Andrea was preparing a generous pot of curry rice and chicken wings in the kitchenette when I visited the shelter, founded by migrant women in the late 1980s and tucked in a plain, low-rise building in a postindustrial area of Hong Kong. The women, or “clients” as they are called here, take turns cooking for everyone and cleaning what has become their temporary refuge. Amenities are functional, but there is also a projector screen for the occasional karaoke night—“a brief but very entertaining distraction” from the workers’ ordeals, as a volunteer at the shelter described. As clients, they also have access to resources like legal or paralegal assistance and take part in a range of programs organized by other domestic workers, activists, and volunteers, such as in-house support groups, language and self-defense classes, and even trips to museums and to Disneyland.

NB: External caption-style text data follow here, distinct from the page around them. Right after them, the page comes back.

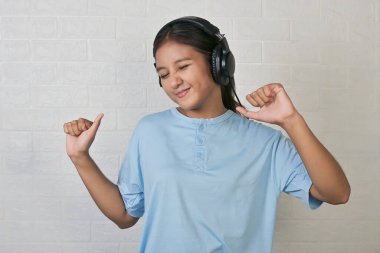 Bir kız müzik dinlemek için kulaklık takıyor.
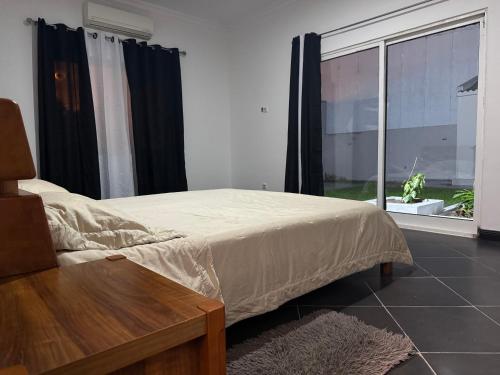 a bedroom with a bed and a large window at Casa da Lua, com espaço gourmet no Lubango, Huila in Lubango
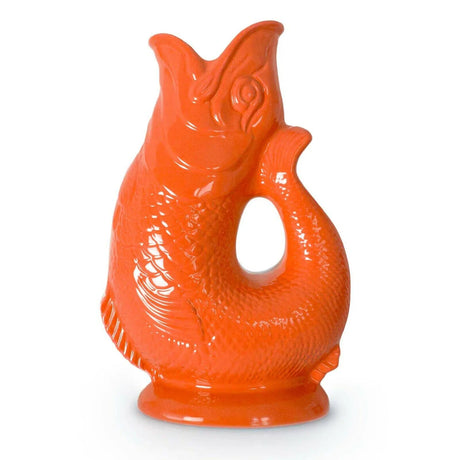The Gluggle Jug Classic, made in Europe, is a bright orange fish-shaped jug with a handle formed by the curved tail—a timeless piece of British tableware.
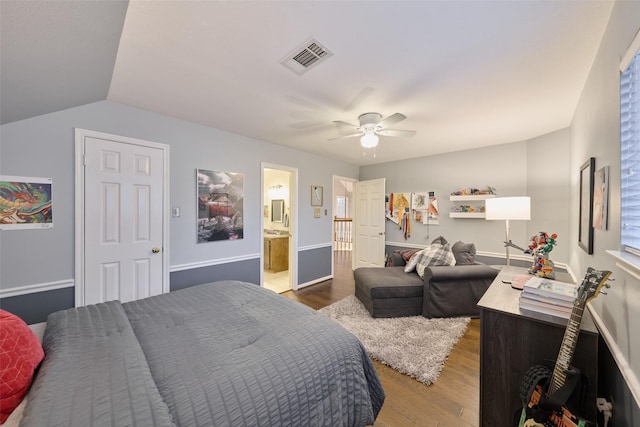 bedroom featuring ceiling fan, connected bathroom, wood finished floors, visible vents, and vaulted ceiling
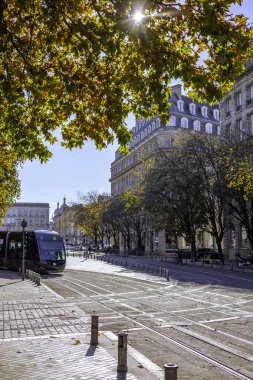 Bordeaux, Fransa - 23 Kasım 2021: Bir TBM tramvayı, Quinconces Meydanı 'ndaki Girondins Anıtı yakınlarındaki bir uçak ağacı sokağının altında son durağında..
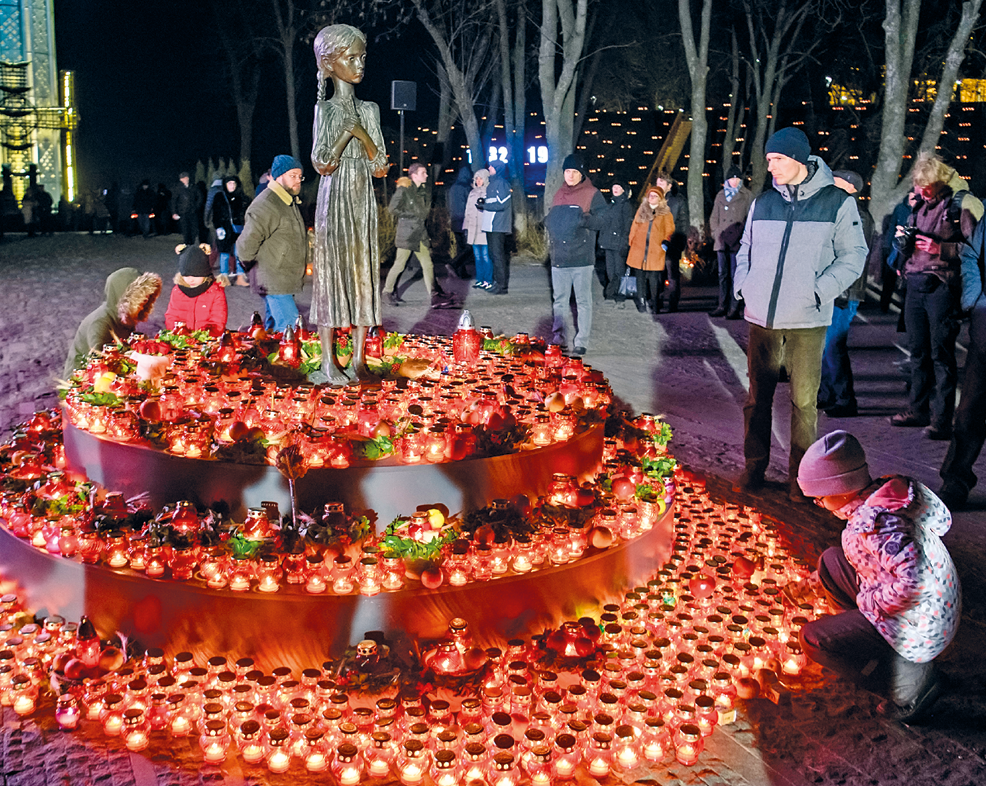 Fotografia. Pessoas agasalhadas com casacos e gorros estão perto da estátua de uma menina. Ao redor dela diversas velas vermelhas acesas.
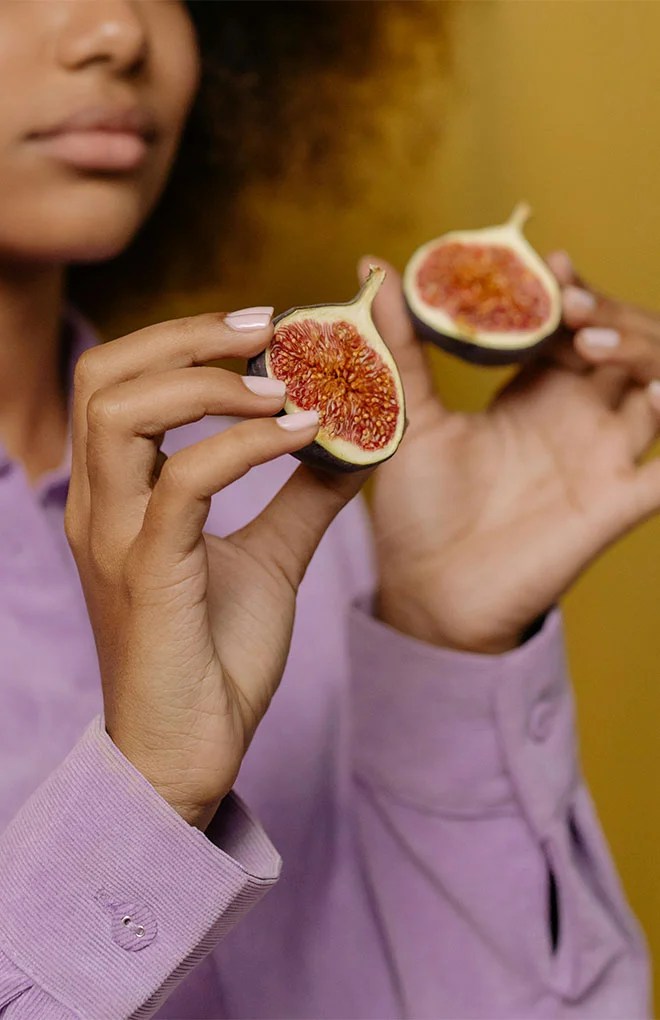 Photo of model grabbing a fruit.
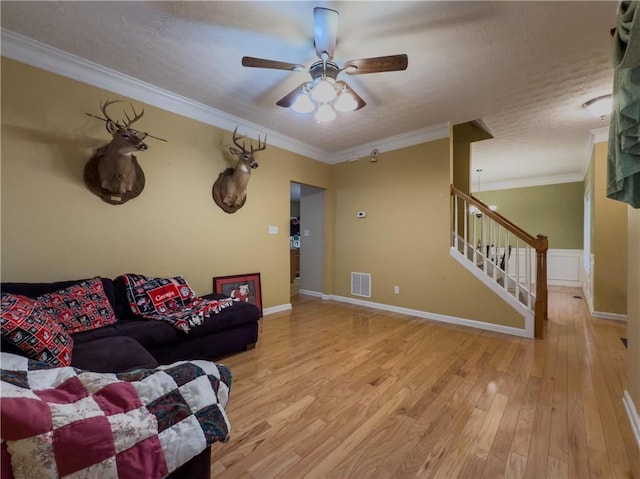 living area featuring visible vents, stairway, ornamental molding, light wood-type flooring, and baseboards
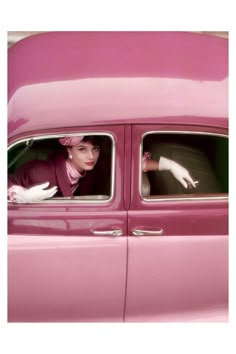 a woman in a pink car with white gloves on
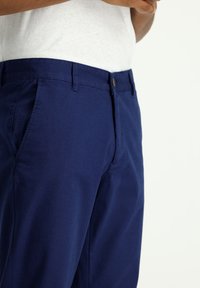 Chinos azul marino hechos de algodón, con frente plano, bolsillos laterales y cierre con botón superior. Ajuste entallado con textura suave.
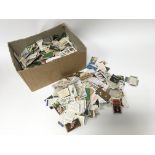 A box containing various cigarette cards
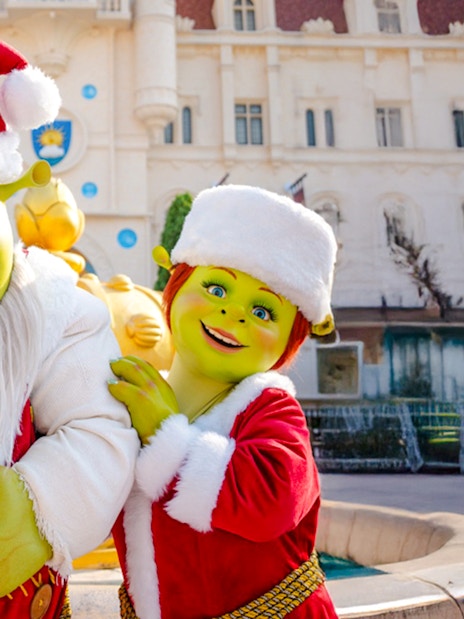 Shrek and Fiona in Christmas outfits at Universal Studios Singapore.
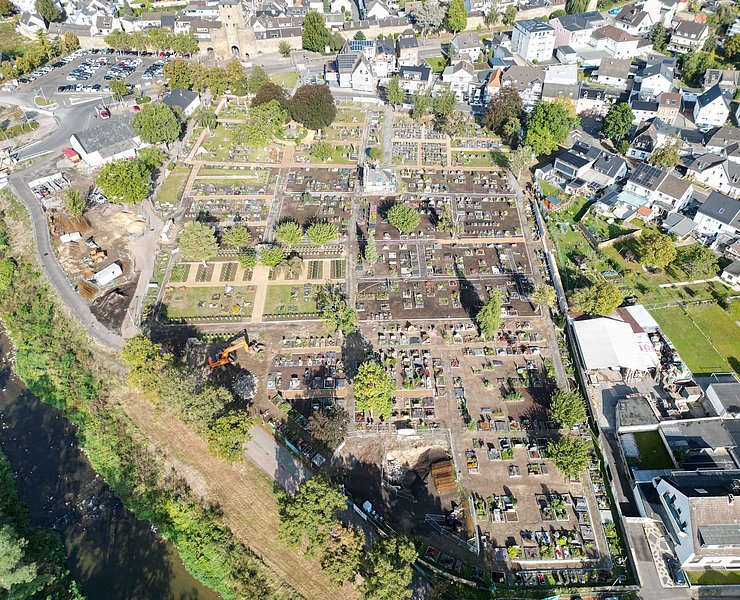Luftaufnahme des Ahrtor-Friedhofs in Ahrweiler, umgeben von Wohnhäusern und nahe dem Flussufer.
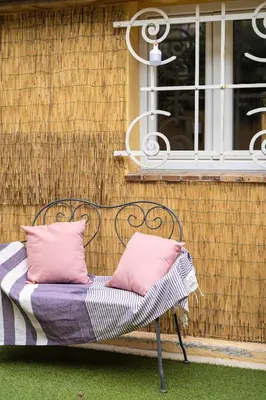 a bench with two pink pillows sitting in front of a building at Apartment in Cannes in Cannes
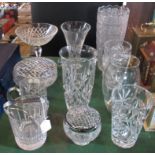 A collection of twelve items of moulded and cut glass, to include: vases, ice pale,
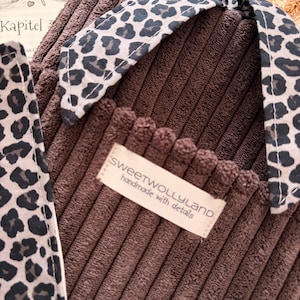Weich gepolsterte braun Booksleeve mit leoprint Schleifenverschluss – einzigartiges Design für Leseratten und Geschenkidee Romantische Buchhülle im Vintage-Look – handmade aus Cordstoff mit zarter Schleife, perfekt für Bücher oder Journals.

Andrea heard about the shelter from a friend, and when her employer threatened to kill her, she decided to escape. Moving to the shelter was her only way to fight back and seek legal redress.
Andrea slept on her employer’s bathroom floor for months because she did not want to lose her job. Hong Kong laws require employers to “provide the Helper suitable and furnished accommodation with reasonable privacy,” and Andrea’s contract promised a private room of forty square feet. But her accommodation turned out to be a bathroom so small that she had to prop her legs against the toilet while resting her head next to a pile of dirty laundry.

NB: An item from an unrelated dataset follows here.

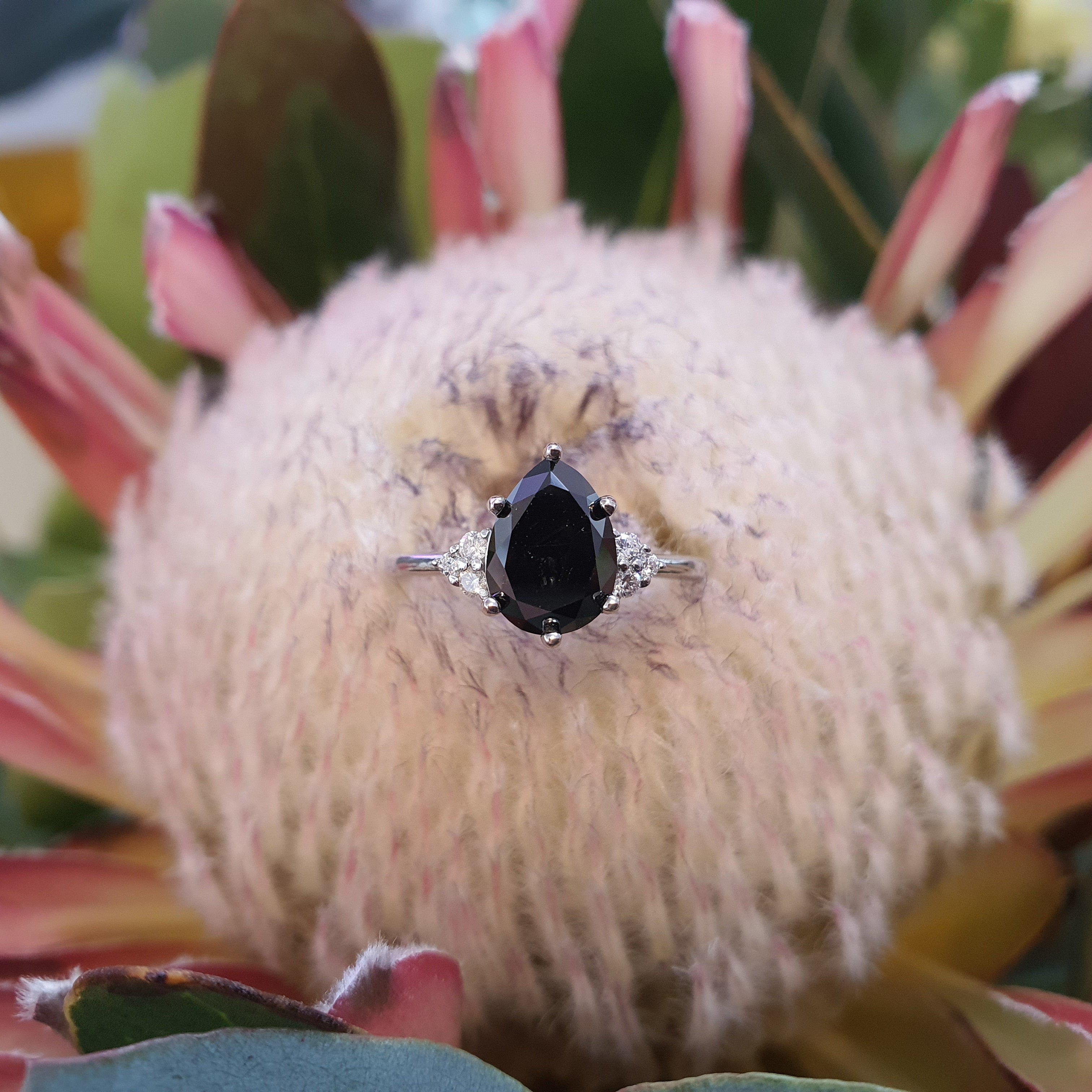 blackdiamond-ring-pear-cut-rose-gold-on flower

Back in 2012, Hong Kong was momentarily outraged by headlines in local papers about some of the workers’ sleeping arrangements; papers referred to arrangements such as a custom-made “loft bed” built over a toilet and a “coffin room,” a narrow compartment in a cabinet adorning an employer’s sleek living room. But these news items barely scratch the surface. A study evaluating the controversial live-in policy mandated by the state found that many domestic workers are relegated to sleeping in corridors, verandas, or “makeshift beds on top of cupboards and ovens.” Andrea’s employer, guilty of injustices much like those widely condemned in the media, even confiscated her phone charger in order to further confine her. Andrea used the last bar of her phone’s battery to photograph her “bedroom” as evidence to present to the court.
The most recent episode that shamed the city and sparked global disquiet was the battery and, some have argued, torture of twenty-three-year-old Indonesian Erwiana Sulistyaningsih by her employer. (Two other abusive employers were arrested in the subsequent two weeks, though much less conspicuously.) This April Time magazine named Sulistyaningsih one of the hundred most influential people in the world, highlighting her efforts to “advocat[e] for better laws to protect . . . a vulnerable and often invisible population” and acknowledged the precarious conditions of domestic workers and guest workers as a top international concern.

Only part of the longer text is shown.